Colorado

Hick, Bennet join NCLB reform push

Gov. John Hickenlooper and U.S. Sen. Michael Bennet Tuesday enlisted in the Obama administration’s campaign to reform the No Child Left Behind law, telling Colorado reporters that change in the law can’t wait.

NCLB logoAlong with U.S. Education Secretary Arne Duncan, the two participated in a conference call with Colorado reporters with as part of the administration’s campaign for a major overhaul of the law, signed in 2002 by President George W. Bush.

The administration released its detailed plans for what’s also called the Elementary and Secondary Education Act on Sunday – Links to documents. And Duncan and President Obama touted their plans during an event at a Maryland middle school on Monday – Video of Obama speech and link to text.

Opening Tuesday’s conference call, Duncan cited Colorado education reforms and praised Hickenlooper and Bennet for “their extraordinary courage” on education issues.

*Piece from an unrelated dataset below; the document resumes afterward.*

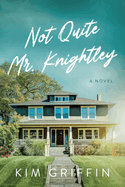 Not Quite Mr. Knightley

Bennet served as then-Mayor Hickenlooper’s chief of staff before becoming Denver schools superintendent and later being appointed to the Senate by Gov. Bill Ritter. Hickenlooper and Bennet were elected to their seats in November.

The governor said to Duncan, “I cannot express how much we appreciate your sense of urgency … in a very real way we’re losing a generation of kids.”

Bennet picked up on the same theme, saying, “I look forward to working (with the administration) to make sure we can move this along.”

Duncan said there’s “a lot we have to fix” in NCLB, called it “very punitive in nature” with “no real rewards for success.”

Gov. John Hickenlooper
Gov. John Hickenlooper (file photo)

Hickenlooper cited his proposed Education Leadership Council and implementation of the educator effectiveness law, which passed before he became governor, as key Colorado initiatives.

He didn’t mention the $332 million cut he’s proposed in K-12 spending, but reporters brought that up during a question-and-answer session.

“These budget cuts aren’t anybody’s first choice or anybody’s second or third choice,” the governor said. He said that in recent meetings with teachers “there was a clear willingness to stepping up and doing what they need to do” to improve the state’s schools. “This is a hard time. This requires everybody to pull together and find ways to do more with less.”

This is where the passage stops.